Accused businessman freed, confined to home

Posted: Thursday, December 20, 2001

ANCHORAGE (AP) -- A printing company owner accused of bank fraud and of lying on bank loan applications was released from jail Wednesday.

Nezar ''Mike'' Maad, 42, owner of the now-closed Frontier Printing Services, agreed to a long list of conditions set by the judge for his release.

A federal grand jury on Tuesday indicted Maad on two counts of falsifying loan applications, one count of wire fraud and two counts of making false statements to the U.S. Small Business Administration in connection with a loan guarantee request, according to assistant U.S. attorney Dan Cooper.

The bank fraud charges followed an FBI investigation into what was suspected of being a hate crime at Maad's business 10 days after the Sept. 11 terrorist attacks. Someone broke computers and printers and spray-painted ''We hate Arabs'' on one wall.

Defense attorney Rich Curtner said his client is glad to be getting out of jail because he's been in solitary confinement the last several days.
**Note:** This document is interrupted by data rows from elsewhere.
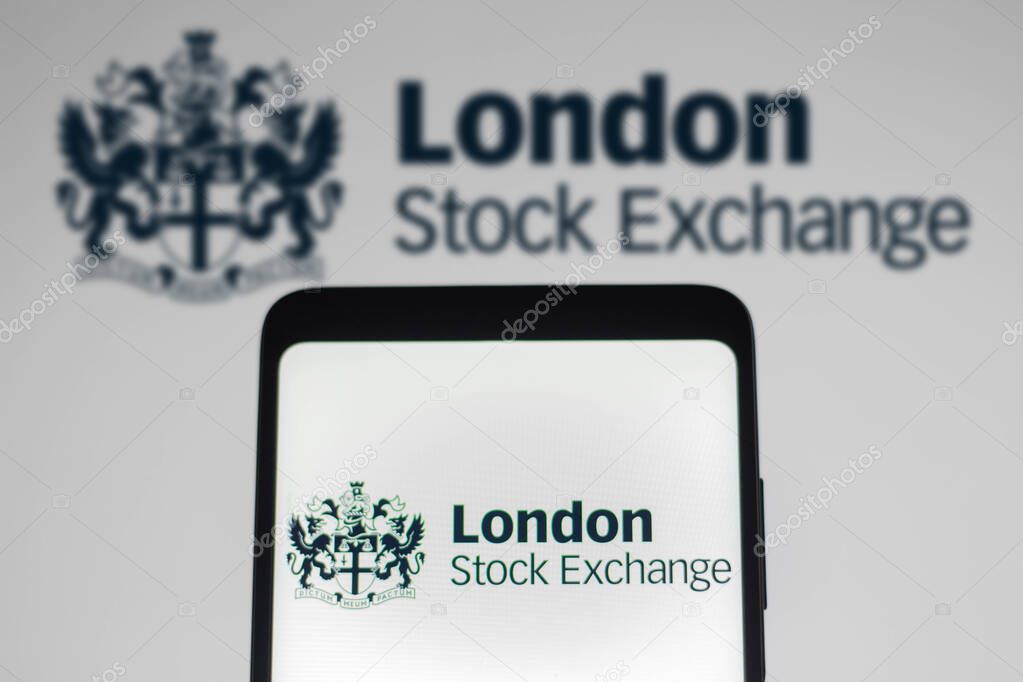 January 4, 2022, Brazil. In this photo illustration, the London Stock Exchange (LSE) logo seen displayed on a smartphone screen and in the background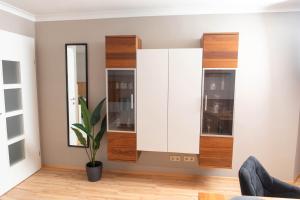 a living room with white cabinets and a potted plant at Ferienwohnung Herta in Breitenbach am Inn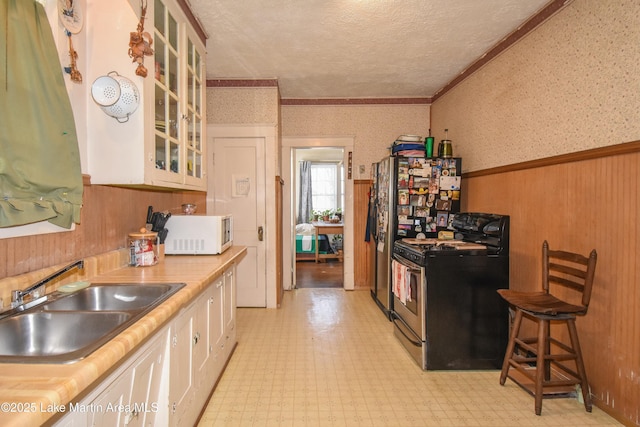 kitchen with light floors, gas range oven, wainscoting, wallpapered walls, and white microwave
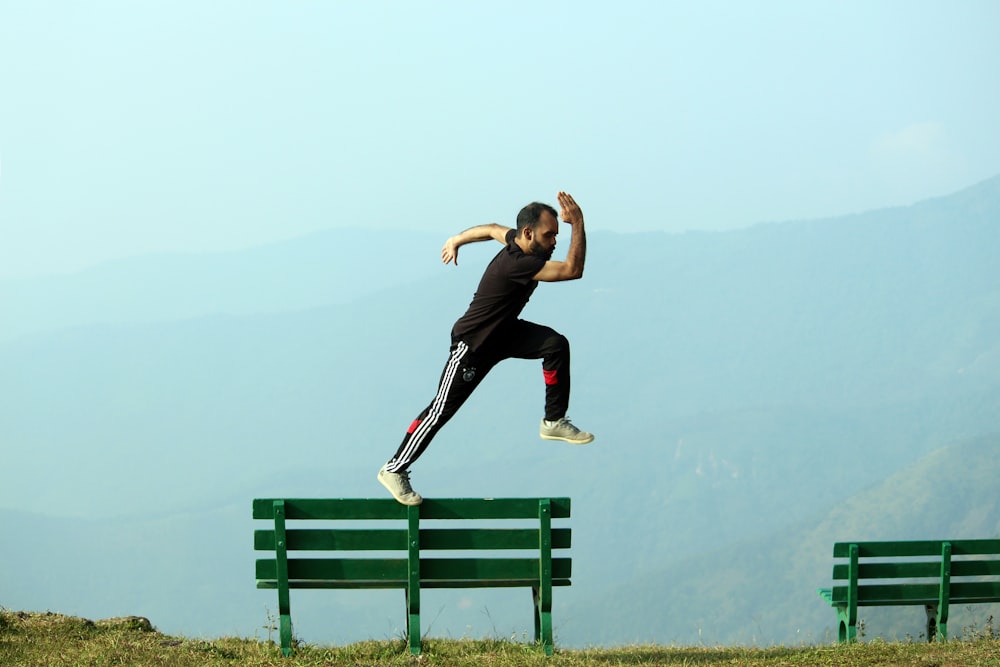 man jumping beside bench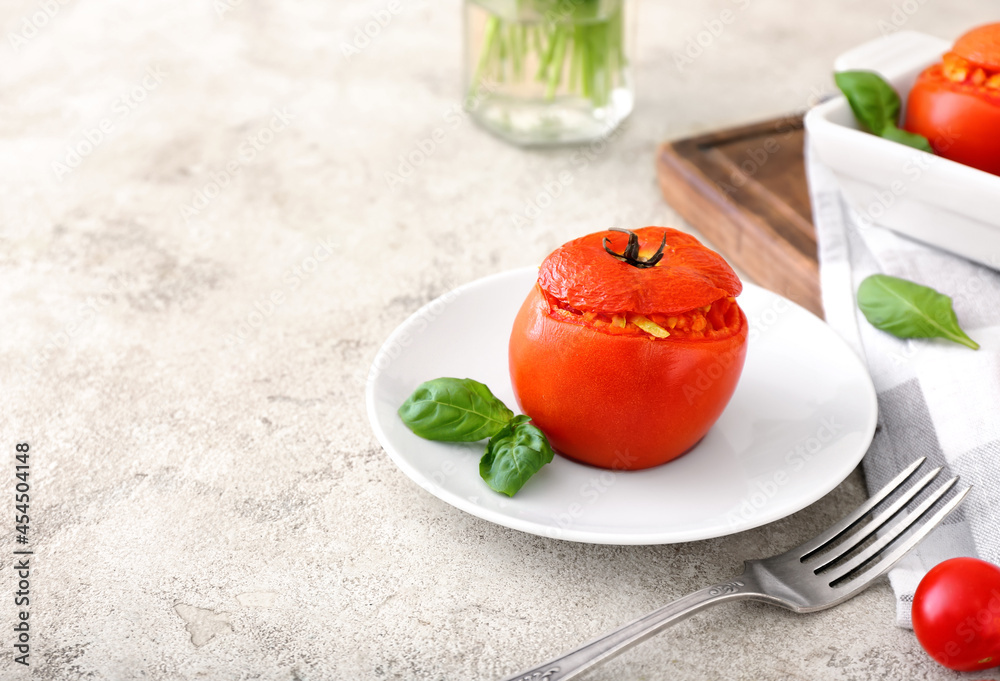 Plate with tasty stuffed tomato on light background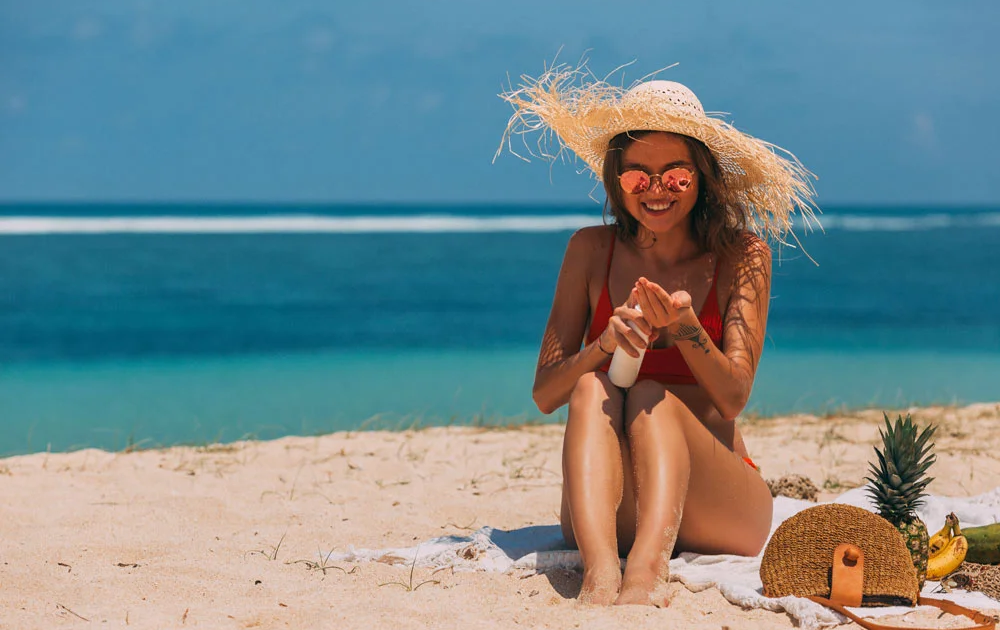 Haarpflege nach dem Strandurlaub - junge Frau mit Strohhut am Strand.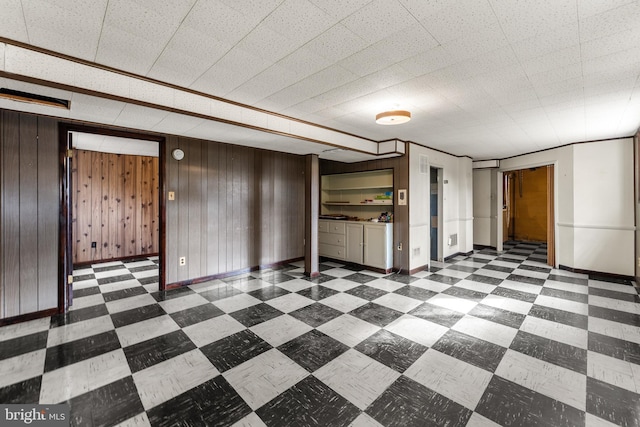 unfurnished room with tile patterned floors, baseboards, and wood walls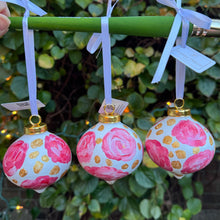 Load image into Gallery viewer, Original Christmas ornament with romantic pink flowers and gold highlights, perfect for holiday décor and gift giving.
Hand-painted pink floral ceramic keepsake ornament by Jeanne Player designed for elegant Christmas decorating.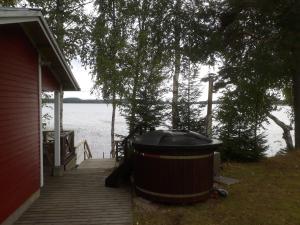 a large tub sitting on a dock next to a house at Villa Kotiranta in Jämsä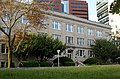 An office building made of light brick with large colonial-style windows stands in front of taller, more modern looking office buildings.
Curtner said Maad was threatened by several other inmates while in Cook Inlet Pre-Trial Facility.

Maad was not required to post bond in federal court but if he fails to show up for future court proceedings, he will owe the government $50,000.

Maad is confined to his Anchorage home and may leave only to see his attorney, or in the case of an emergency, to see his doctor.

Maad's wife, Joanne, and friend Malcolm Roberts were appointed third-party custodians.

Maad is required to wear an electronic monitoring device and is banned from entering an airport.

His trial is set for early February.